Task details >>
The response should be the records below, repeated exactly, with each picture left out.

Stored data:
==*==
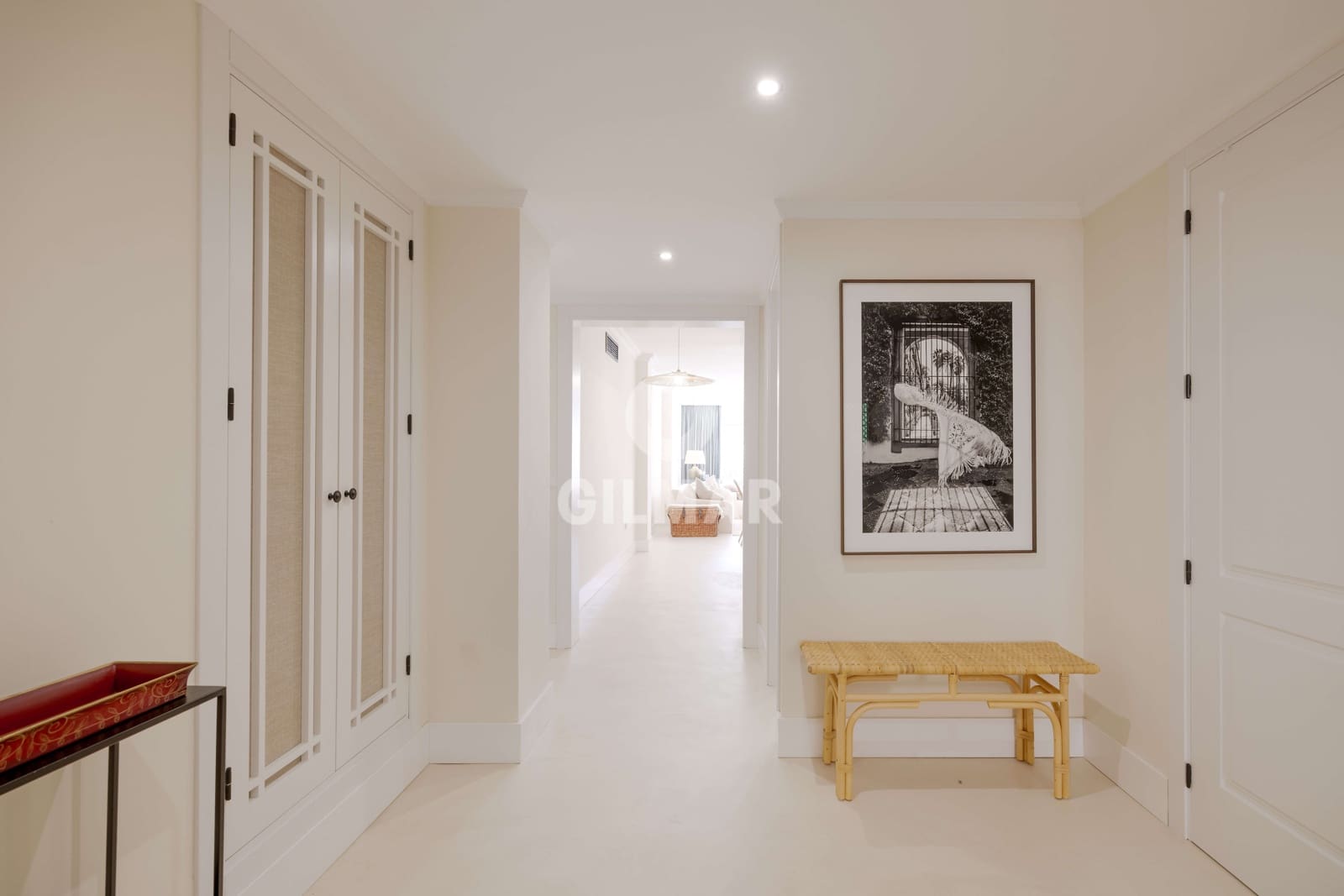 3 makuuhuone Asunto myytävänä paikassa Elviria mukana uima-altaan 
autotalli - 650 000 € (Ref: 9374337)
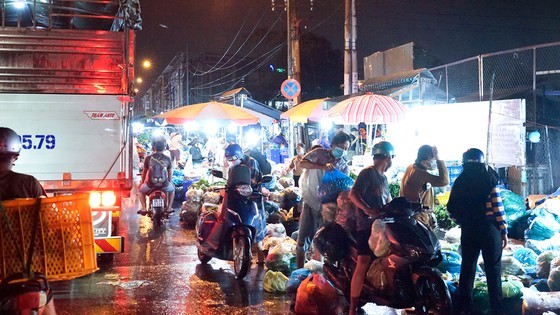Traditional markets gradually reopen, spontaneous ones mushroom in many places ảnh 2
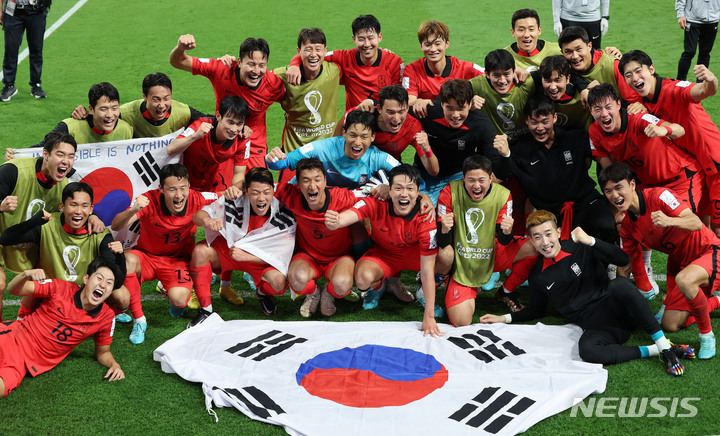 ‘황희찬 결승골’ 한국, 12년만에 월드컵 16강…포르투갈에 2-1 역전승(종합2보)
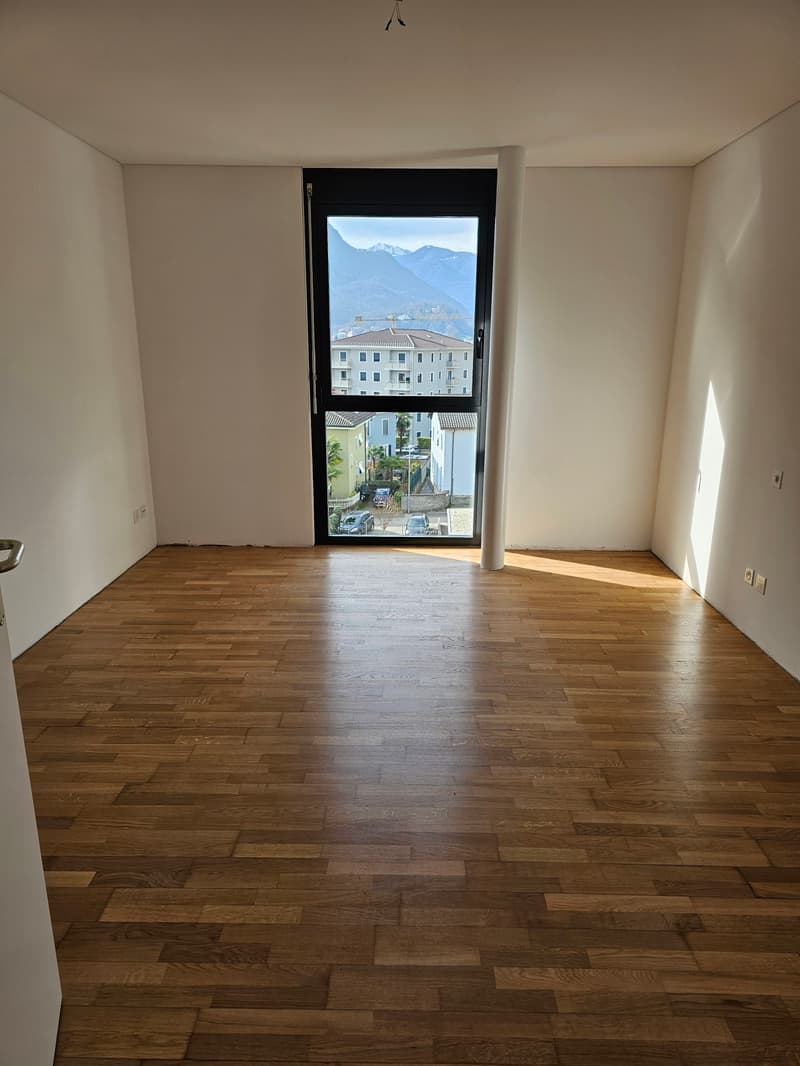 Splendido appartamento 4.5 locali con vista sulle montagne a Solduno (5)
==*==
Your response >>
 3 makuuhuone Asunto myytävänä paikassa Elviria mukana uima-altaan 
autotalli - 650 000 € (Ref: 9374337)
Traditional markets gradually reopen, spontaneous ones mushroom in many places ảnh 2
 ‘황희찬 결승골’ 한국, 12년만에 월드컵 16강…포르투갈에 2-1 역전승(종합2보)
 Splendido appartamento 4.5 locali con vista sulle montagne a Solduno (5)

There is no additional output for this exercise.